Aber beginnen wir mit den näherliegenden Fakten, bevor wir darauf zurückkommen.

Ricochet und Whirlpool – an sich nicht illegal

Samourai gibt den Usern zwei Werkzeuge zur Hand, um ihre Privatsphäre zu verbessern: Ricochet erlaubt es, zusätzliche Transaktions-Sprünge einzufügen, was es etwa für Börsen schwieriger macht, beweisbar nachzuvollziehen, aus welchen Quellen Bitcoins stammen.

Whirlpool hingegen ist ein dezentraler Mixer. Die User können die Bitcoins in ihrer Samourai-Wallet in einen Pool hinein legen und aus diesem entnehmen. Ein externer Beobachter kann im Idealfall Einlage und Ausgabe nicht verbinden, und wenn, dann nur mühsam und mit hoher Ungewissheit.
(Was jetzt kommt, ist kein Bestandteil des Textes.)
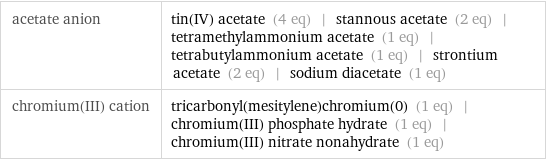 acetate anion | tin(IV) acetate (4 eq) | stannous acetate (2 eq) | tetramethylammonium acetate (1 eq) | tetrabutylammonium acetate (1 eq) | strontium acetate (2 eq) | sodium diacetate (1 eq) chromium(III) cation | tricarbonyl(mesitylene)chromium(0) (1 eq) | chromium(III) phosphate hydrate (1 eq) | chromium(III) nitrate nonahydrate (1 eq)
Zunächst sollte daran nichts illegal sein. Eine Software zu entwickeln und zu verwalten, ist nach den gängigen Gesetzen und Vorschriften weder in der EU noch in den USA illegal. Daher fallen weder die Hersteller von Hardware-Wallets noch die Entwickler von Software-Wallets unter ein regulatorisches Regime, und es herrscht ein relativ weitreichender Konsens, dass dem so bleiben sollte.

Ohne weitergehende Vorwürfe dürfte die Anklage also ziemlich fragil sein.
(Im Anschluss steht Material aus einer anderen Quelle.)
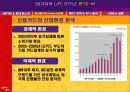 현대카드 알파벳 마케팅 9페이지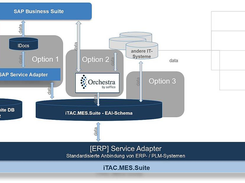 iTAC.MES.Suite Screenshot 1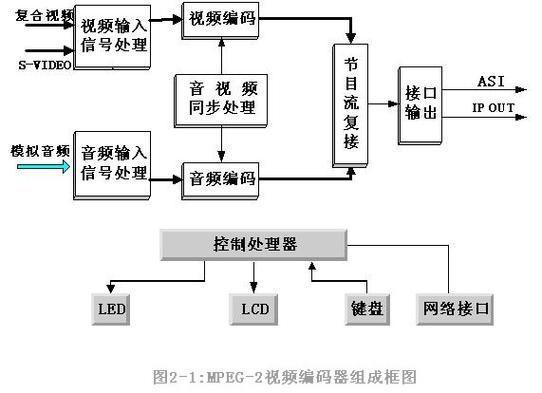 解码器与阻燃漆施工方法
Mit einem Server bewusst Geldwäsche zugelassen

Die Samourai-Entwickler haben offenbar die Grenze zwischen Software und Dienstleistung nicht klar genug gezogen. Sowohl bei Whirlpool als auch Ricochet war ein zentraler Server involviert. Bei Whirlpool verwaltete er den Liquiditätspool, bei Ricochet komponierte er Transaktionsketten.
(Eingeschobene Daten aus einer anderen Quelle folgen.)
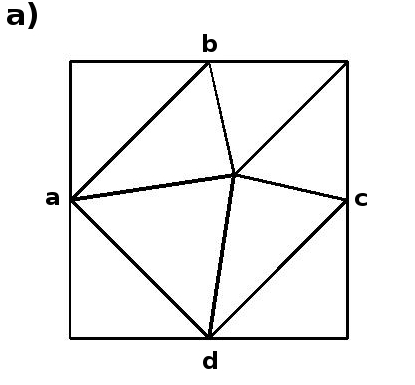 2D mesh generator, Metfem2D, taketechease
Beide Server wurden vom Samourai-Team betrieben, aus beiden haben die Entwickler Gebühren bezogen, von Whirlpool insgesamt drei, von Ricochet eine Million Dollar. Teile der Einnahmen der Entwickler liegen als Liquidität in Whirlpool, wo sie aus Gebühren weitere Einnahmen erwirtschaften.

Indem Samourai also einen Server betrieb, wurde es zum aktiven Teilnehmer der Transaktionsverschleierung. Indem es zudem Gebühren vereinnahmte, machte es dies in unternehmerischer Absicht.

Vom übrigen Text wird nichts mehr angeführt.